Your objective ▸ For the entries that follow, restate word for word the line containing "湖口，光復東路『成家立業C』兩房附車位，湖口工業區-QR CODE", the line containing "624 Overlook Dr, Newton, NC 28658 - Photo 26", and every line that lies between them.

Stored dataset items:
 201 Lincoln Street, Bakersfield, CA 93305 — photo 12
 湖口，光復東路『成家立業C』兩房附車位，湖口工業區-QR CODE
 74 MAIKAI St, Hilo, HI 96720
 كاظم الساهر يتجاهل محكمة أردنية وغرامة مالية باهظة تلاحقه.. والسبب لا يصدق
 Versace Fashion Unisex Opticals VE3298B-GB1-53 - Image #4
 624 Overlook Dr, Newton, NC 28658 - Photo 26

--

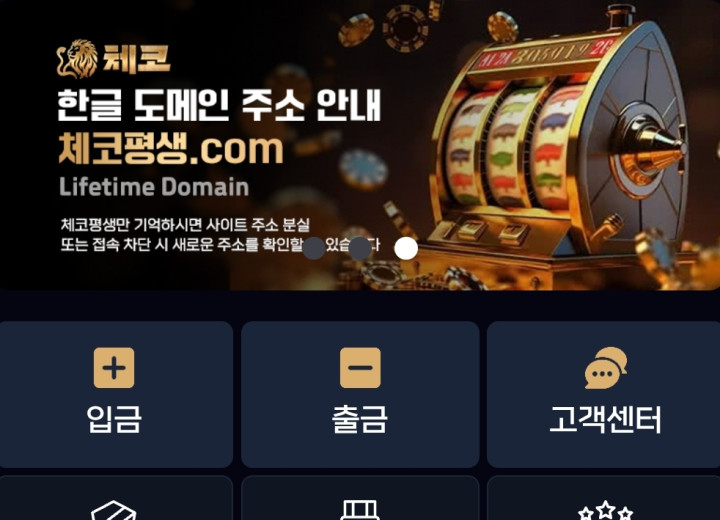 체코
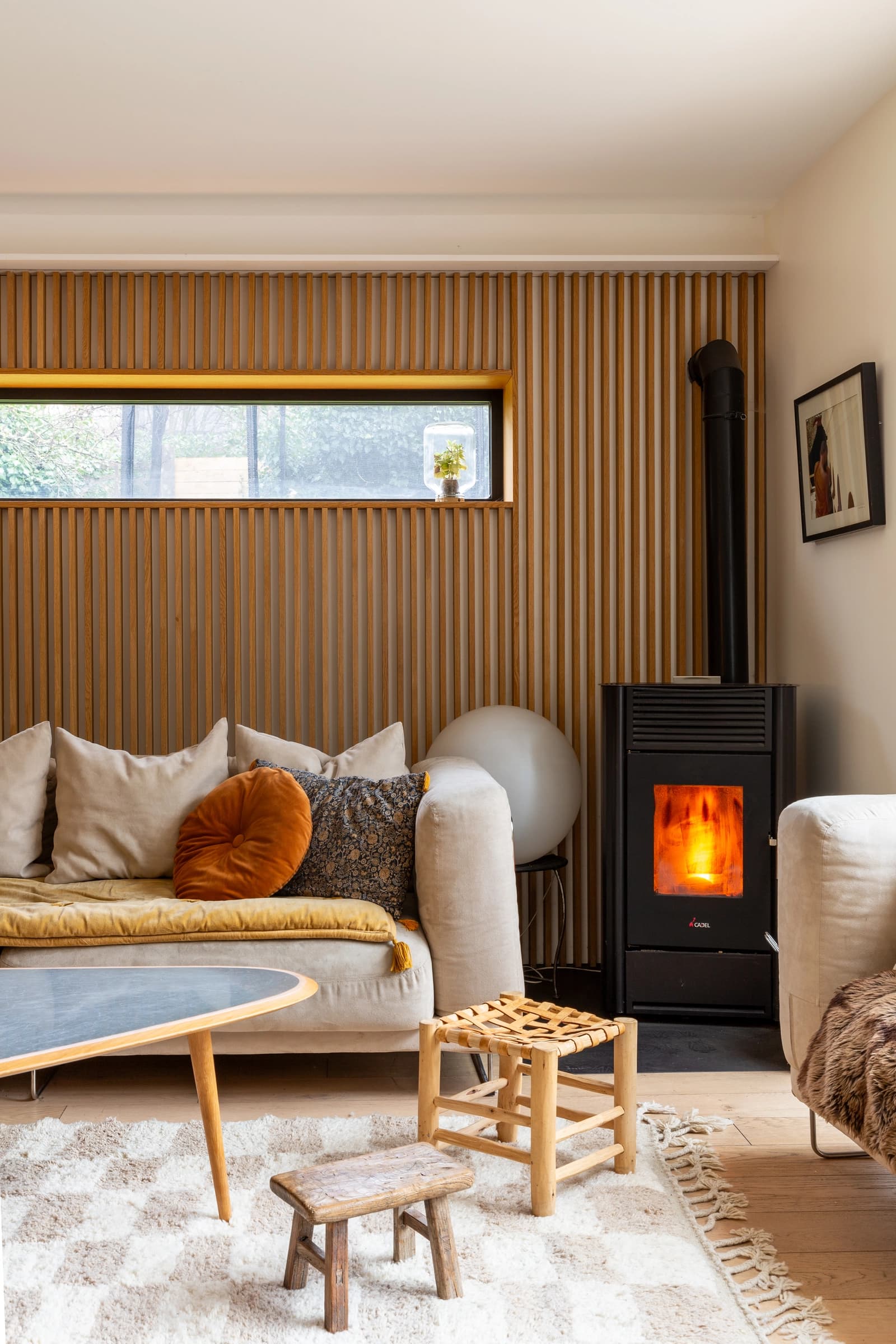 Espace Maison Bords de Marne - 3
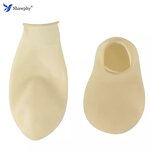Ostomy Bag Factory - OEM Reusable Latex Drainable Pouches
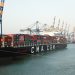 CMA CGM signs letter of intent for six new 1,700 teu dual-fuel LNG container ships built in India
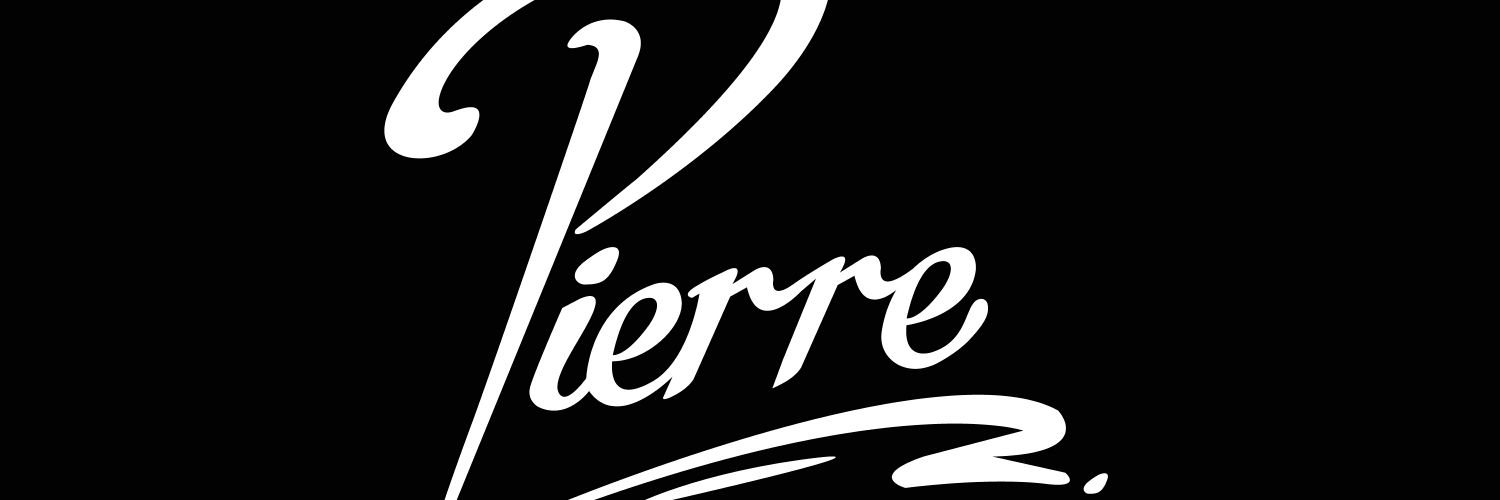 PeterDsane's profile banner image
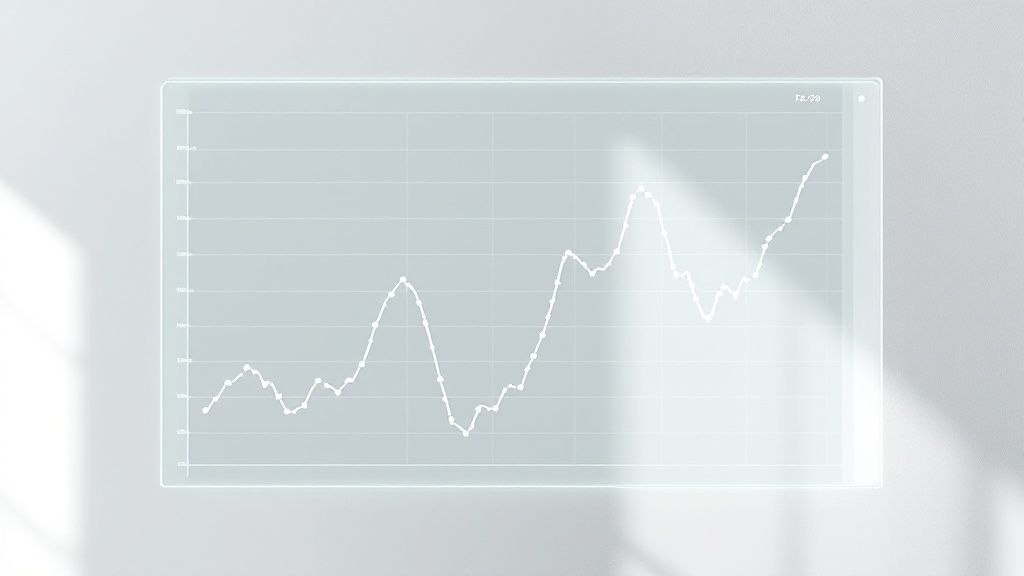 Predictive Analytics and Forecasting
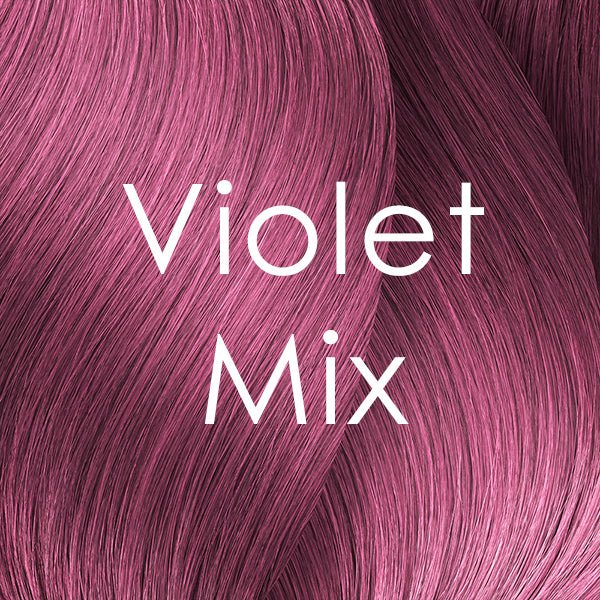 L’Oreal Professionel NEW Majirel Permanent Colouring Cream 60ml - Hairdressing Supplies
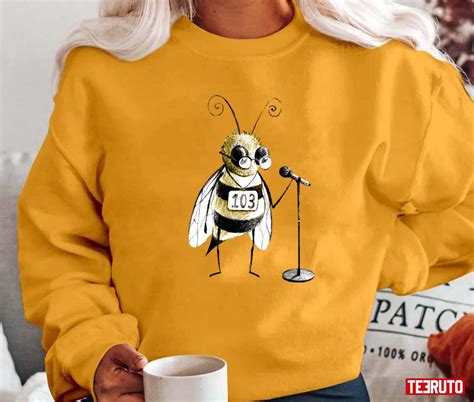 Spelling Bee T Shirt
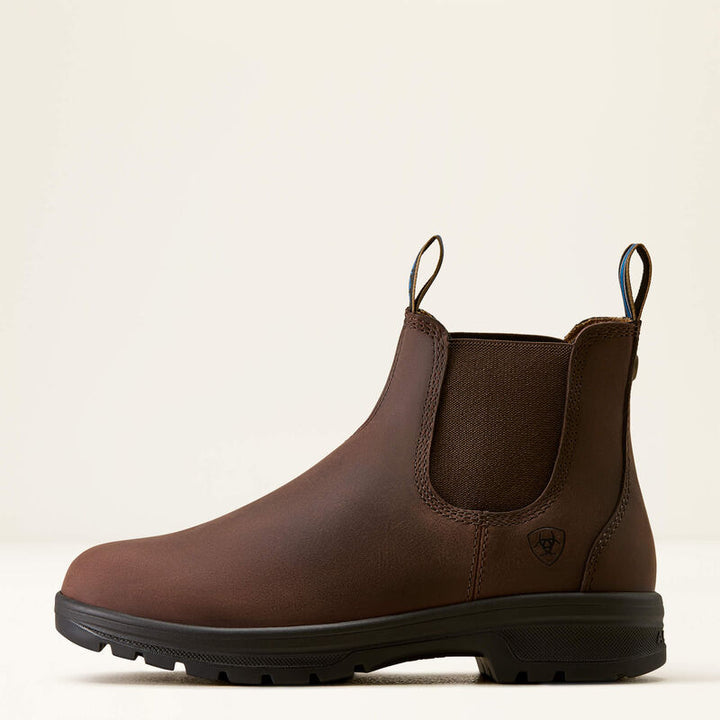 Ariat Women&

Answer for the task ▸
 湖口，光復東路『成家立業C』兩房附車位，湖口工業區-QR CODE
 74 MAIKAI St, Hilo, HI 96720
 كاظم الساهر يتجاهل محكمة أردنية وغرامة مالية باهظة تلاحقه.. والسبب لا يصدق
 Versace Fashion Unisex Opticals VE3298B-GB1-53 - Image #4
 624 Overlook Dr, Newton, NC 28658 - Photo 26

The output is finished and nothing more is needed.